*Available data:*

Start of Block

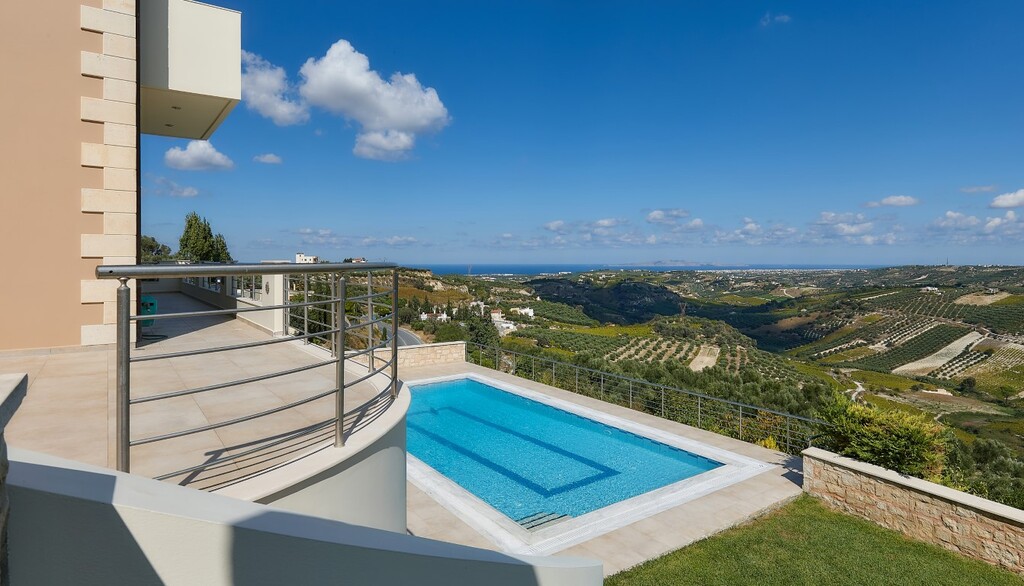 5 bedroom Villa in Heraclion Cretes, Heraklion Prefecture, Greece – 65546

End of Block
Start of Block

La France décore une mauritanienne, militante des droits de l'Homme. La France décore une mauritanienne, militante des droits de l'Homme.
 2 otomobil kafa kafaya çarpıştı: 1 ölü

End of Block
Start of Block

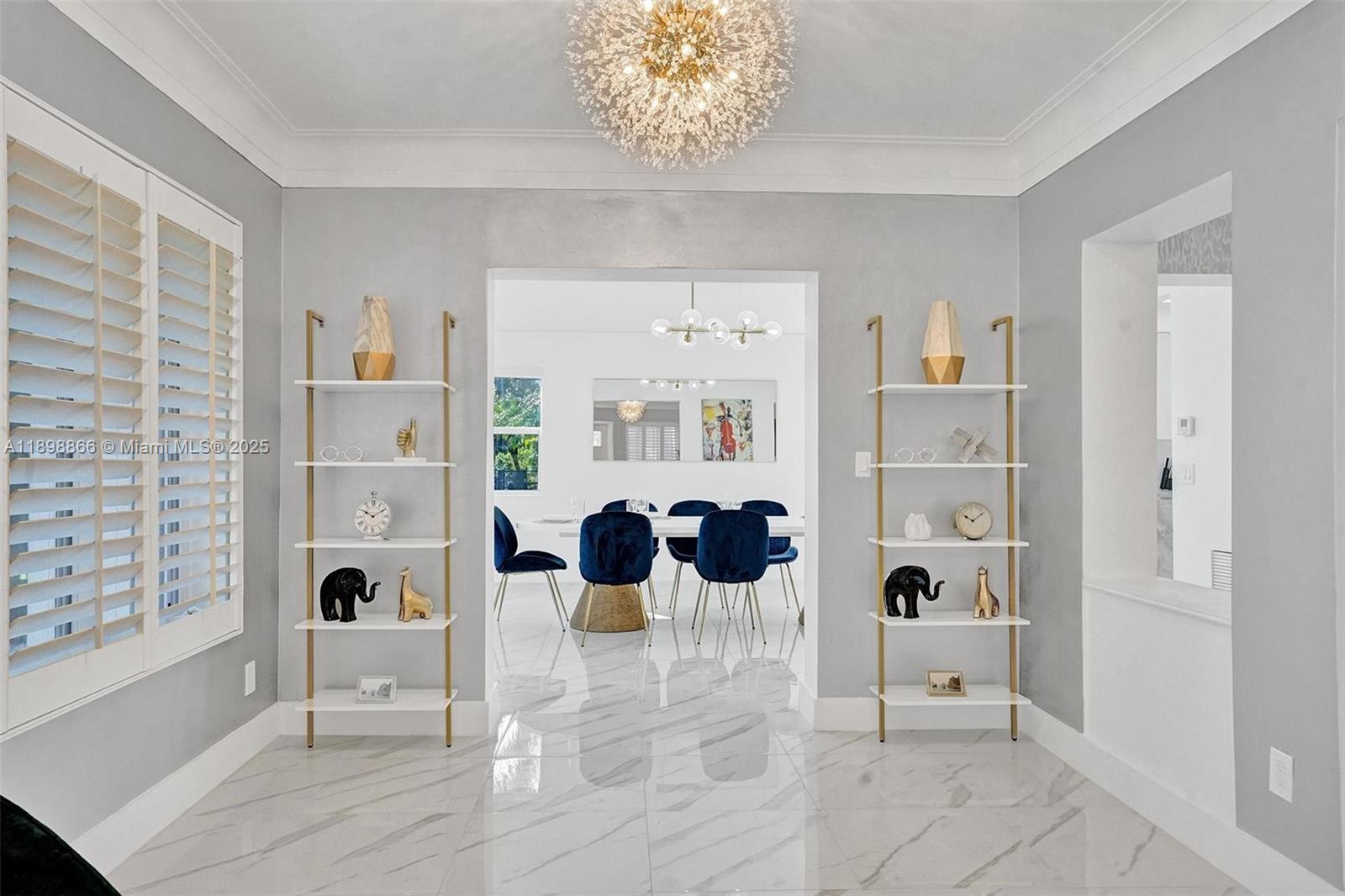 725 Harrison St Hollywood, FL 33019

End of Block

*Work request:*
Could you restate word for word the lines above from the one containing "de l'Homme. La" through the one containing "2 otomobil kafa kafaya çarpıştı: 1 ölü", both included, and nothing else?

*Response for this exercise:*
La France décore une mauritanienne, militante des droits de l'Homme. La France décore une mauritanienne, militante des droits de l'Homme.
 2 otomobil kafa kafaya çarpıştı: 1 ölü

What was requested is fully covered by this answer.